Haben wir wirklich eine innere Uhr? Ja, jeder Mensch hat eine innere Uhr, die vom vorgegebenen 24-Stunden-Tag abweichen kann. Unser Körper ist daher ständig bemüht, seine innere Uhr mit den Rhythmen der Umwelt in Einklang zu bringen. Verbunden sind damit viele physiologische Vorgänge wie etwa die Körpertemperatur, Hormonausschüttung, Blutdruck, Herzfrequenz, Verdauung oder eben der Schlaf-Wach-Rhythmus.
Der wichtigste natürliche Taktgeber ist die Tageslänge, die sich übers Jahr verändert. Aber auch vom Menschen geschaffene Taktgeber wie die Arbeitszeit verlangen eine ständige Anpassung unserer inneren Uhr.

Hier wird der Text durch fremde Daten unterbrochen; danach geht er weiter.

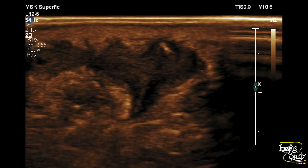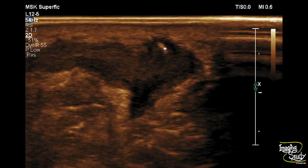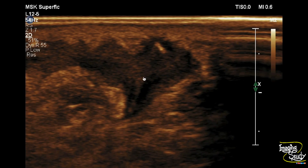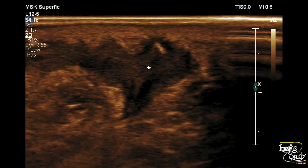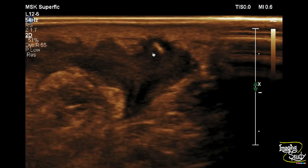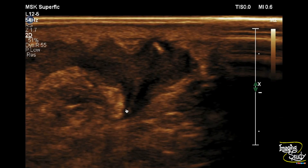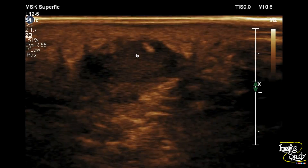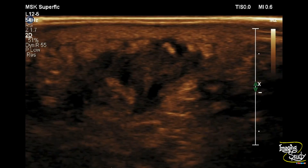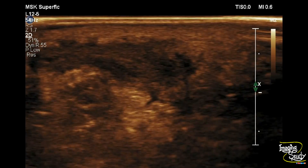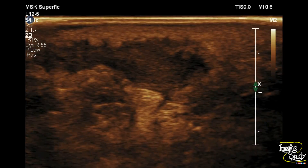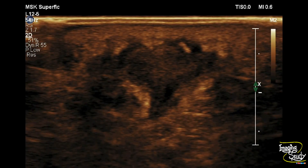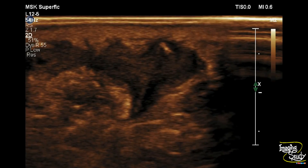Here is a more magnified view and you can see a thin echogenic linear structure within the abscess cavity. This thin linear echogenic structure is nothing but the fish bone. The patient tried to remove the fish bone with a nail cutter and it easily got impacted here, so the age of this fish bone within this area is about three months.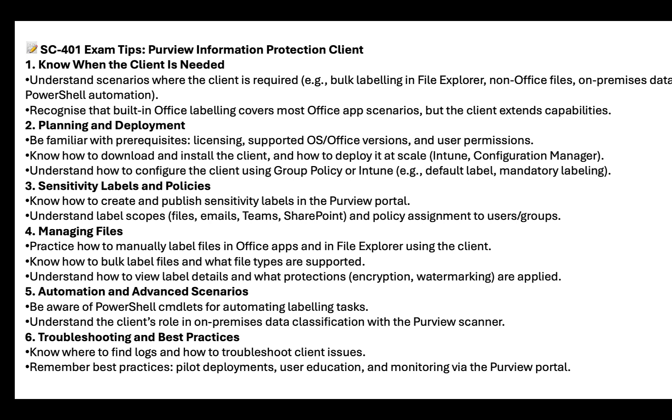Number three, sensitivity labels and policies. Know how to create and publish the labels in the Purview portal. We've already been over that in this series. Understand label scopes like files, emails, teams, and SharePoint, and policy assignments to users and groups. Again, we've already covered that in earlier videos. Number four, managing files. Practice how to manually label files in the Office apps and in the File Explorer using the client. Know how to bulk label files and what file types are supported. Understand how to view label details and what protections, such as encryption and watermarking, are applied.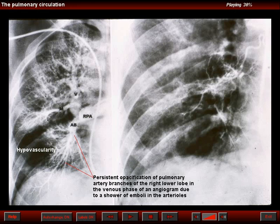Remember that an arteriole is defined as a vessel that is 0.1 millimeter in diameter, or 100 micra in diameter. This is the usual site for emboli to occlude, and therefore most often we are not going to see the site of obstruction on a pulmonary angiogram. But this patient had a larger-sized artery that was occluded, and that explained the regional oligemia.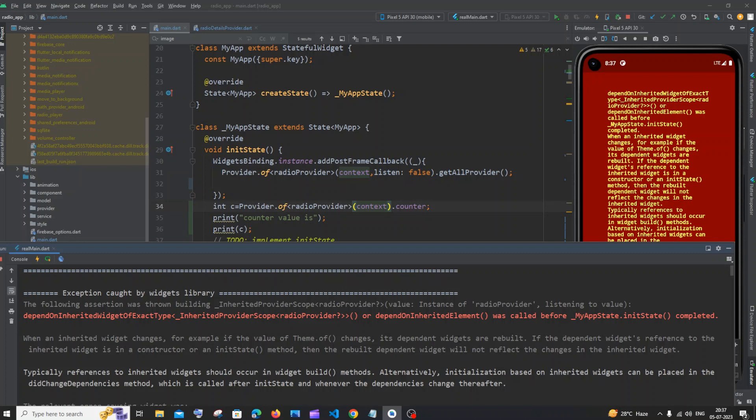Hi everyone, in this video I'll be showing you how to solve the error 'depend on inherited widget of exact type was called before my state init state completed.'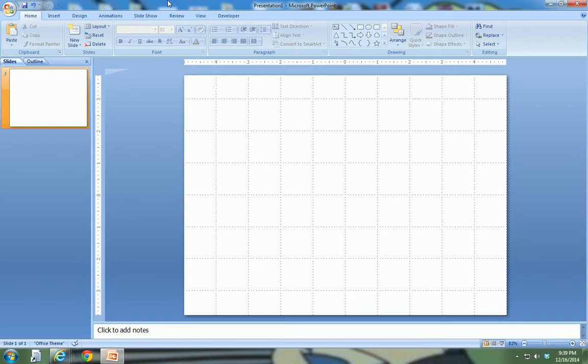Alright ladies and gentlemen, this is Adam Veazey from PCCleric doing another Microsoft Office tip.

Die Synchronisation zwischen innerer Uhr und äusseren Faktoren wird durch spezielle lichtempfindliche Zellen im Auge ausgelöst. Das erklärt, warum das LED-Blaulicht aus dem Handy und anderen Bildschirmen uns wach und schlaflos machen kann. Und es erklärt auch, warum blinde Menschen sehr häufig Schlafstörungen haben: Sie sehen den Tag-Nacht-Wechsel nicht.
Stimmt es, dass Verliebte weniger Schlaf brauchen? Ja, denn ihr Gehirn wird von einem hochprozentigen Hormon-Cocktail geflutet. Verliebte befinden sich in einem rauschähnlichen Zustand. Ihr Belohnungszentrum ist hoch aktiviert und verlangt nach immer mehr – immer mehr vom Objekt der Begierde. Wie bei Suchtkranken.
Der Körper von frisch Verliebten produziert jede Menge Dopamin, ein Hormon, das energetisiert.
Der Körper von frisch Verliebten produziert auch jede Menge Dopamin – ein Hormon, das energetisiert und Verliebte auf Wolke sieben schweben, aber nicht schlafen lässt.
Grosse Mengen an Cortisol und Adrenalin lassen das Herz rasen und den Verstand ausschalten. Gleichzeitig ist bei ihnen ein anderes Glückshormon, das Serotonin, reduziert. Das klingt paradox, macht aber Sinn. Denn ein Serotonin-Mangel kann dazu führen, dass Menschen immer und immer wieder dasselbe tun müssen. Das gilt für Menschen mit Zwängen. Aber auch für Verliebte.